I’ll be there. What’s up with the team name? Don’t we want Cindy to laugh at our name?
Cindy was there last week. It’s John this week.
I’d come tonight (honest, I would!) if I hadn’t had oral surgery this morning. Gingival grafts hurt like a mufflefluffin beeyotch. Bring on the codeine.
Which, of course, should be the name of the team. (What’s the one Cindy will laugh at?)
The team name in question is “Butthole Smurfers.”
Me, I think it should be permanent.
I won’t know if I can make it until later. Don’t expect me, but look for me. If that makes sense.
Nice.
Since we often have enough for two teams, I’d also like to nominate “The Tuesday Welders.”
I’m going to be there tonight, arriving sometime between 6:30 and 7:00.
I’m also bringing a few printouts on tipping for Cindy, who will probably not appreciate them, but oh well.
Anyone else?
I’m planning on it. I was also going to add a reminder about T.I.P., but I see you’ve already got it covered.
I’ll show up, but I may decide to leave before the scoring. Need more sleep.
We’re in. E. Thorp, however, sends his regrets. His mouth still doesn’t work properly.
Woop! Forgot to add - Lady Cheek’s buddy Mark will be showing as well.
Seeing as how we’re up to six, I’ll probably skip out this week and get to bed early. Good luck!
God smurfing dammit! We lost to smurfing Elvis by two smurfin’ points for the third smurfing week in a row.
(Pardon my smurf. Now I gotta go wash my smurf out with smurf…)

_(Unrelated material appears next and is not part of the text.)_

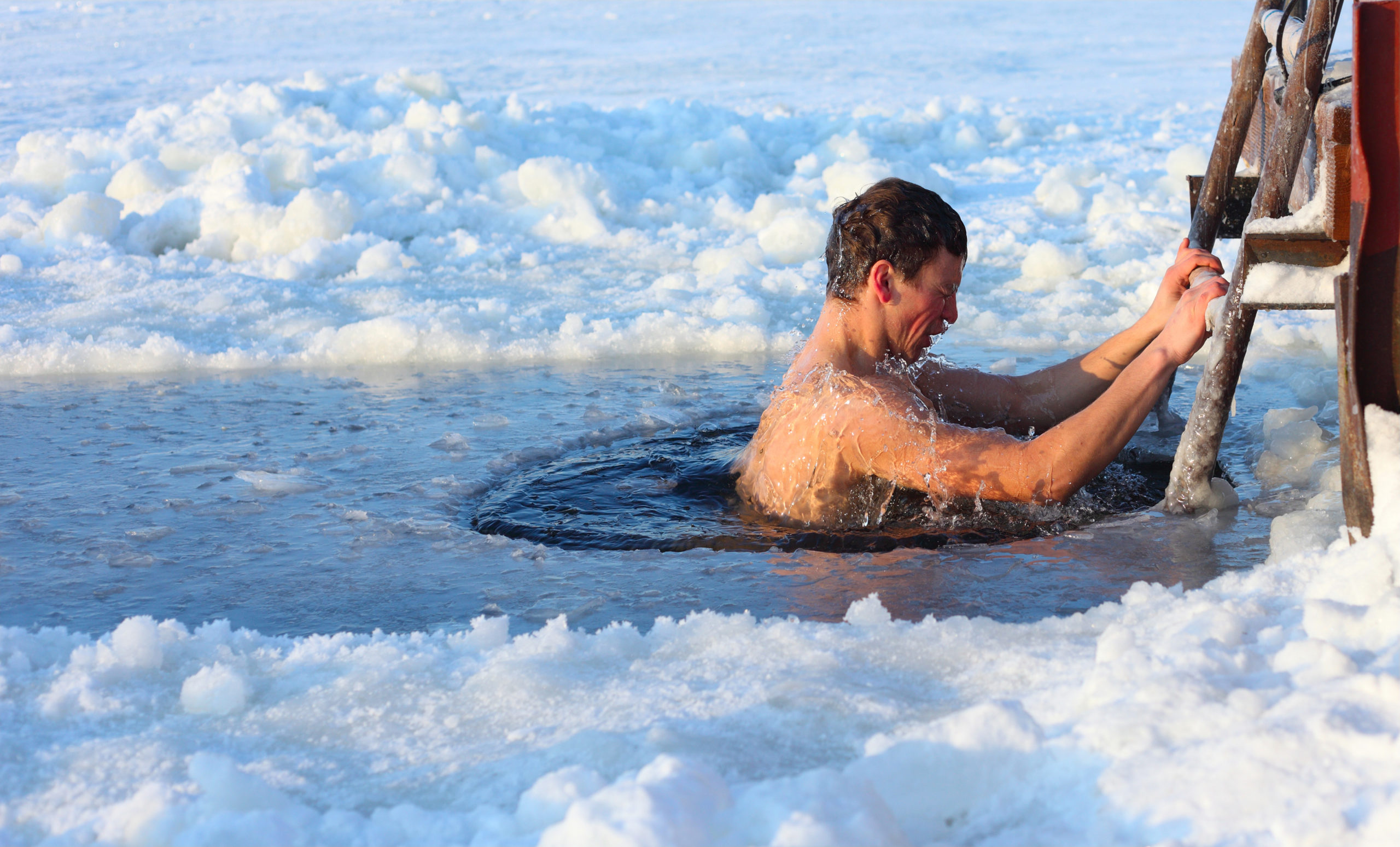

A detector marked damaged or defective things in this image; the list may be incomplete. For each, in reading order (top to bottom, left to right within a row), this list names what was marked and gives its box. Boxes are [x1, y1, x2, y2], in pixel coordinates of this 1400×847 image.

rusty metal bar [1164, 0, 1338, 512]
rusty metal bar [1333, 0, 1400, 538]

I was thinking about the suggested team name “Smurf Nazis Must Die” this morning, and it engendered the image of Brainy Smurf with his right hand out shouting, “Heil Poppa Smurf!”
Just thought I’d share that. I’m planning on an evening of trivia tonight. Anyone else?
I am fighting a truly wretched cold, so I’m out. Even if you all didn’t mind sharing my virus, I’m Nyquiled half out of my skull and wouldn’t be much good to the team anyway.
And here I’d always thought of Nyquil as a performance-enhancing drug.
Anyway, I’m in, for a change.
I’ll be there, as I’m not fighting Cervaise’s cold. I’m not sure what time, but definitely by 7:30.
Welcome, E. Thorp! Do you need Saltire to bring his Cecil Adams’ party sign, or will you be able to figure out who we are?
If you’ll all wear your underwear on your head, I should find you with no trouble.
…But we don’t have to wait until we get to the bar, right? I mean…we can do this anytime?
We’re in. Cervaise met a friend of mine last week and invited him to the G&D, so he might be showing. I just talked to him, and he said if we get a full team, he’ll just sit around and watch, so no worries about too big a team.
I’m not gonna make it this time. Life’s just too complicated today and tonight.
I’m still at the tail end of my flu bug. I wouldn’t wish this on my worst enemy.
…Uh, no wait, yes I would. I wouldn’t wish this on any of you, though.